### Import Libraries

In [135]:
import json
import time
import numpy as np
import pandas as pd
from bs4 import BeautifulSoup
from pydantic import BaseModel
from typing import List, Optional
from selenium import webdriver
from supabase import create_client, Client
import warnings

# Suppress all warnings
warnings.filterwarnings('ignore')

In [136]:
driver = webdriver.Chrome()

In [137]:
whoscored_url = "https://www.whoscored.com/Matches/1787315/Live/International-European-Championship-Germany-Scotland"

In [138]:
driver.get(whoscored_url)

In [139]:
soup = BeautifulSoup(driver.page_source, "html.parser")

In [140]:
element = soup.select_one("script:-soup-contains(matchCentreData)")

In [167]:
matchdict = element.text.split("matchCentreData: ")[1].split(',\n')[0]
matchdict = json.loads(matchdict)


In [143]:
# Extract events data from the match dictionary
events = matchdict['events']

# Convert events data to a pandas DataFrame
df_events = pd.DataFrame(events)

df_events = df_events.rename(
    {
    'id': 'id',
    'eventId': 'event_id',
    'minute': 'minute',
    'second': 'second',
    'teamId': 'team_id',
    'x': 'x_coordinate',
    'y': 'y_coordinate',
    'expandedMinute': 'expanded_minute',
    'period': 'period',
    'type': 'event_type',
    'outcomeType': 'outcome_type',
    'qualifiers': 'qualifiers',
    'satisfiedEventsTypes': 'satisfied_events_types',
    'isTouch': 'is_touch',
    'playerId': 'player_id',
    'endX': 'end_x_coordinate',
    'endY': 'end_y_coordinate',
    'relatedEventId': 'related_event_id',
    'relatedPlayerId': 'related_player_id',
    'blockedX': 'blocked_x_coordinate',
    'blockedY': 'blocked_y_coordinate',
    'goalMouthZ': 'goal_mouth_z',
    'goalMouthY': 'goal_mouth_y',
    'isShot': 'is_shot',
    'cardType': 'card_type',
    'isOwnGoal': 'is_own_goal',
    'isGoal': 'is_goal'
}, axis=1
)

In [169]:
# Remove rows with NaN in 'player_id'
df_events.dropna(subset=['player_id'], inplace=True)

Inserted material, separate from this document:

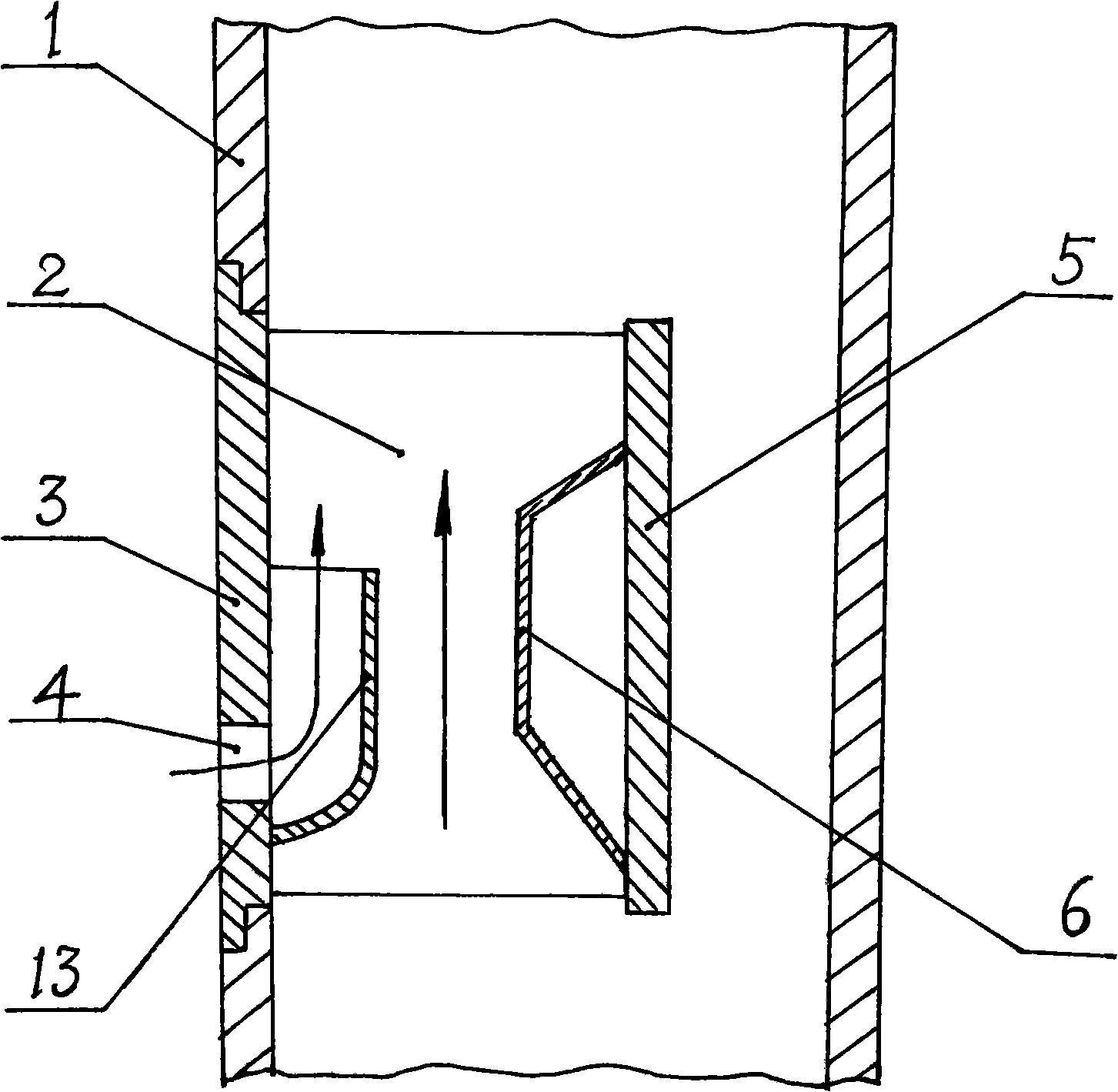 Combined type variable-pressure exhaust passage structure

# Convert 'id', 'player_id', and 'second' columns to the appropriate types
df_events['id'] = df_events['id'].astype(int)
df_events['player_id'] = df_events['player_id'].astype(int)
df_events['second'] = df_events['second'].astype(float)

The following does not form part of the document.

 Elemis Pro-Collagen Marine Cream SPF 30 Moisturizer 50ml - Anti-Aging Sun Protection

# Replace NaN values with None for the entire DataFrame
df_events = df_events.where(pd.notnull(df_events), None)
# Convert boolean columns and handle missing columns
bool_columns = ['is_shot', 'is_own_goal', 'is_goal', 'card_type']
for col in bool_columns:
    if col in df_events.columns:
        df_events[col] = df_events[col].astype(bool).fillna(False)
    else:
        df_events[col] = False

# Extract and create new columns for display names if the columns exist
if 'period' in df_events.columns:
    df_events['period_display_name'] = df_events['period'].apply(lambda x: x['displayName'] if x is not None else None)
if 'event_type' in df_events.columns:
    df_events['type_display_name'] = df_events['event_type'].apply(lambda x: x['displayName'] if x is not None else None)
if 'outcome_type' in df_events.columns:
    df_events['outcome_type_display_name'] = df_events['outcome_type'].apply(lambda x: x['displayName'] if x is not None else None)

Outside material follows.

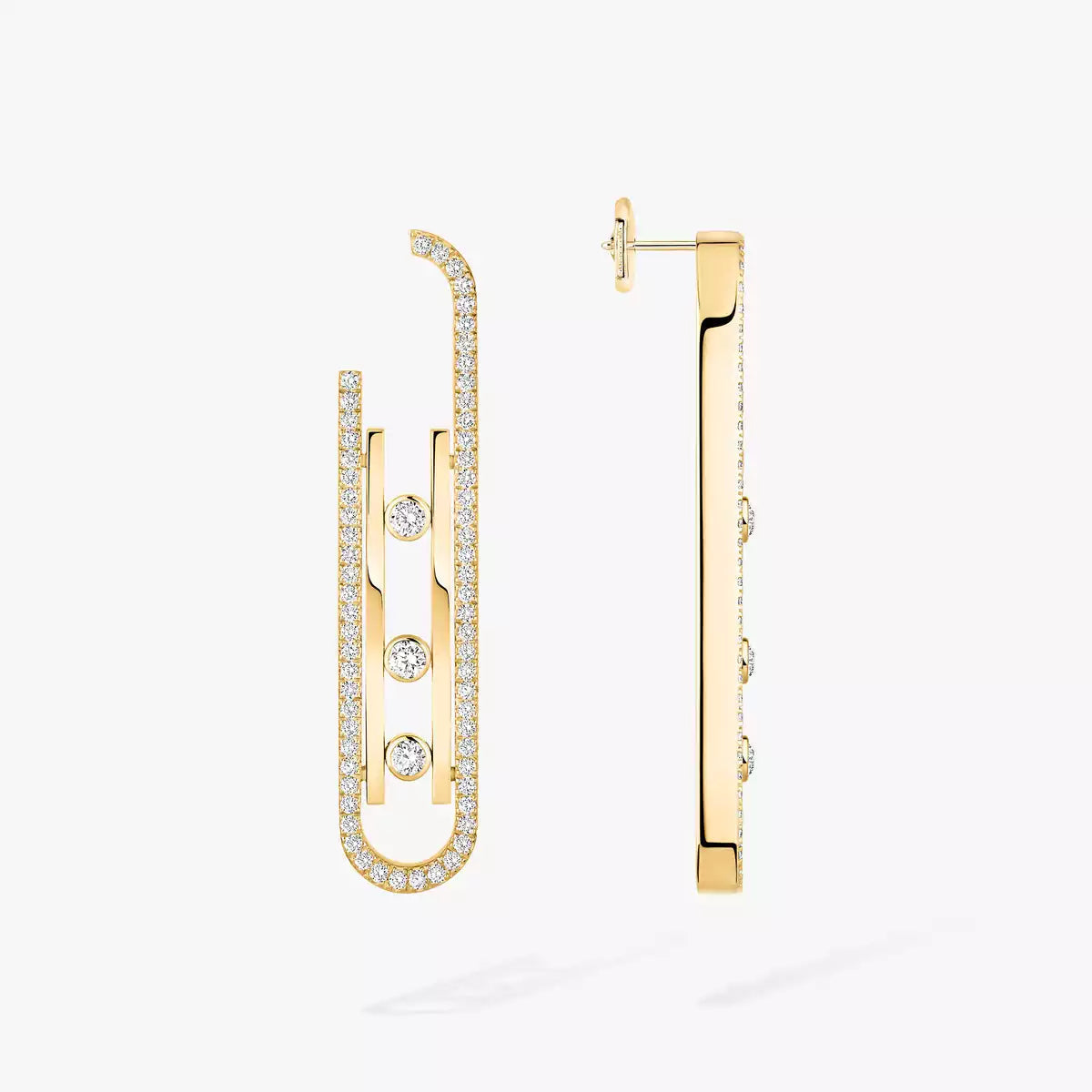 [⭐Aura]Diamond Pendant Earrings Move 10Th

# Function to extract display names from qualifiers
def extract_qualifier_display_names(qualifiers):
    if qualifiers is None:
        return None
    return [qualifier['displayName'] for qualifier in qualifiers if 'displayName' in qualifier]

# Apply the function to create the new column for qualifiers display names if the column exists
if 'qualifiers' in df_events.columns:
    df_events['qualifiers_type_display_name'] = df_events['qualifiers'].apply(extract_qualifier_display_names)

# Drop the original columns if they exist
columns_to_drop = ['period', 'event_type', 'outcome_type', 'qualifiers']
existing_columns_to_drop = [col for col in columns_to_drop if col in df_events.columns]
df_events.drop(columns=existing_columns_to_drop, inplace=True)

# Exclude rows where 'type_display_name' is 'OffsideGiven'
df_events = df_events[df_events['type_display_name'] != 'OffsideGiven']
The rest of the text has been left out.